Shares of Citigroup (NYSE: C) were down as much as 5% on Friday afternoon on investor fears that falling bond yields and the potential for a slowing economy will eat into results. Citi also faced some company-specific issues with its Asian equity group that weighed on shares.
Bank stocks including Citigroup were under pressure on Friday after the Federal Reserve indicated that it intends to take a more cautious approach on interest rates due to fears of economic weakness. The comments led to a rally in bond prices and resulted in the yield on a two-year Treasury bond rising above the yield on a 10-year, a so-called inverted yield curve.

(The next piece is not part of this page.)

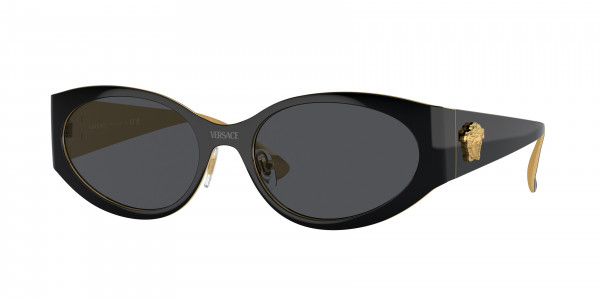 Versace VE2263 Sunglasses, 143387 BLACK DARK GREY (BLACK)
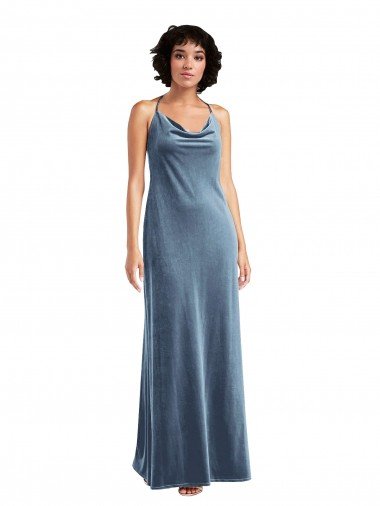 Affordable Cowl Neck Convertible Velvet Maxi Slip Dress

If history is a guide, an inverted yield curve is an indicator that a recession is on the horizon. Inverted yield curves also make lending less lucrative for banks.
Citi said Friday morning that it has ousted eight equity traders in Hong Kong and suspended three others after an internal investigation. Citi is one of the most international of the U.S. banks, deriving 40% of consumer banking revenue from outside of the U.S., and it can ill-afford to see its reputation take a hit in Asia.
It's worth noting that even after Friday's decline, shares of Citi are still up 17% year to date and 40% over the past three years. While safeguards are in place that should hopefully prevent a repeat of the 2008 crisis that almost drove Citigroup out of business, the risk of increasing economic headwinds that could stunt bank growth and further pressure shares is significant.
Given the amount of uncertainty on the horizon, it's a dangerous time to go bargain hunting.